As a student Norman Borlaug knew adversity. He had decided to go to Iowa State Teachers College at Cedar Falls Iowa; however, after some urging he rode to Minnesota with a former Cresco athlete George Champlin, a football player for the University of Minnesota. Norman, however, had worked on farms for a year after high school and that time away from studies dulled his academic sharpness. Upon arrival he flunked the 1933 University of Minnesota entrance exam. Greatly embarrassed and dejected Norman prepared to hitchhike home, in disgrace. Instead, through intervention by Champlin, he was granted admission by Dr.
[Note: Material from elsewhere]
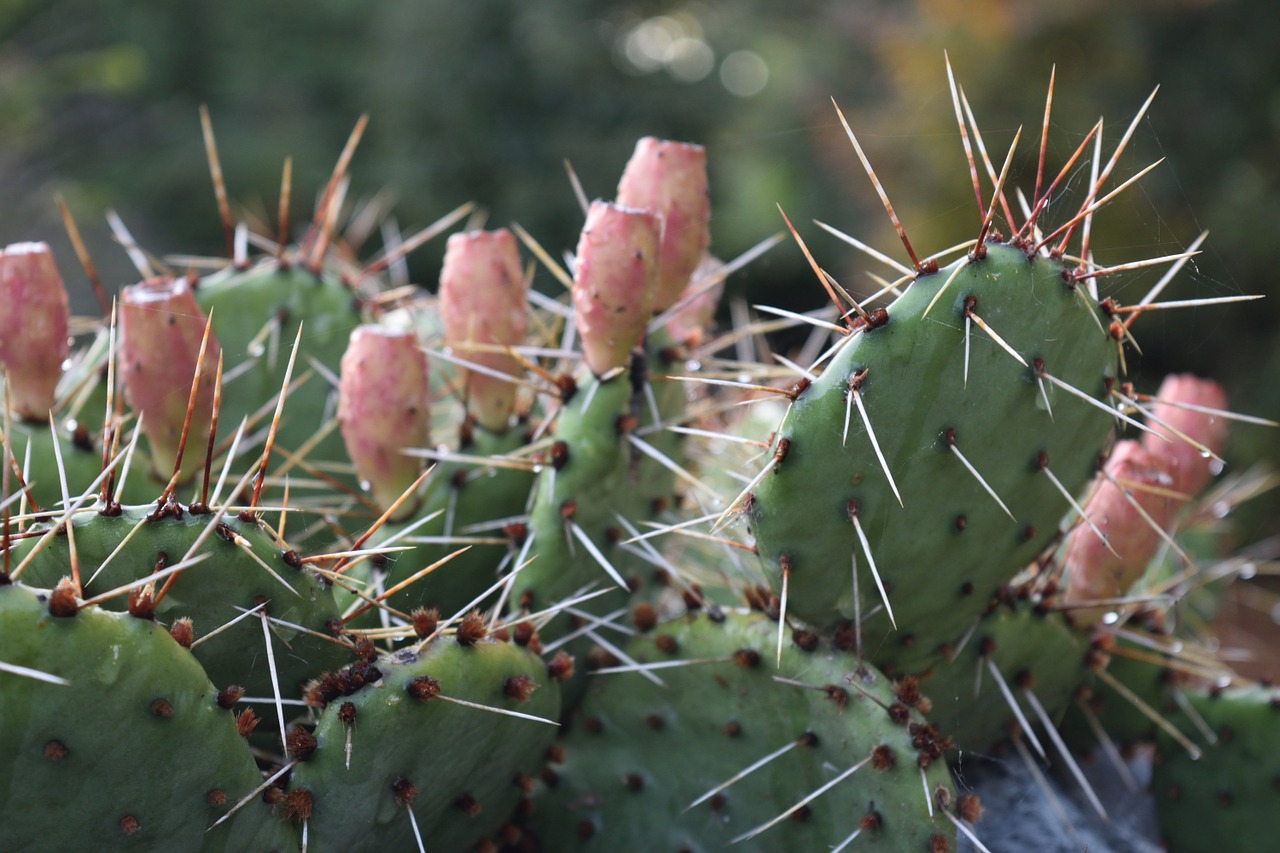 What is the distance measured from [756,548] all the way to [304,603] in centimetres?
45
Fred Hovde to the University’s newly formed Junior College (General College). It was a unit designed for underprepared students. After two excellent quarters he proved himself and he could transfer to any college in the University; he chose the College of Agriculture and majored in Forestry.
The economic collapse of the 1930’s was a worldwide catastrophe. Norman, whose family had little or no money, survived mainly by doing campus odd jobs and then by work-study jobs funded through the National Youth Administration. He was usually broke and often hungry. In the summers he used his forestry knowledge and farm skills to work for the U.S. Forest Service, hitchhiking to better paying jobs in far off places like Idaho and Massachusetts.
Then, a great thing happened, Norman met a beautiful young woman Margaret Gibson. They were both working for no salary, only their breakfasts, at the University Coffee Shop. Norman was shy and amazed that such a young woman would even talk to him. But somehow the introverted energetic farm boy/athlete and the bright vivacious, self-assured Education major bonded. Upon his graduation, and with the promise of a job with the United States Forestry Service in Idaho, they married.
Margaret was much more than Norman’s love; she encouraged, counseled and enabled him. Simply put, Margaret was the foundation and the rudder for his incredible life’s journey.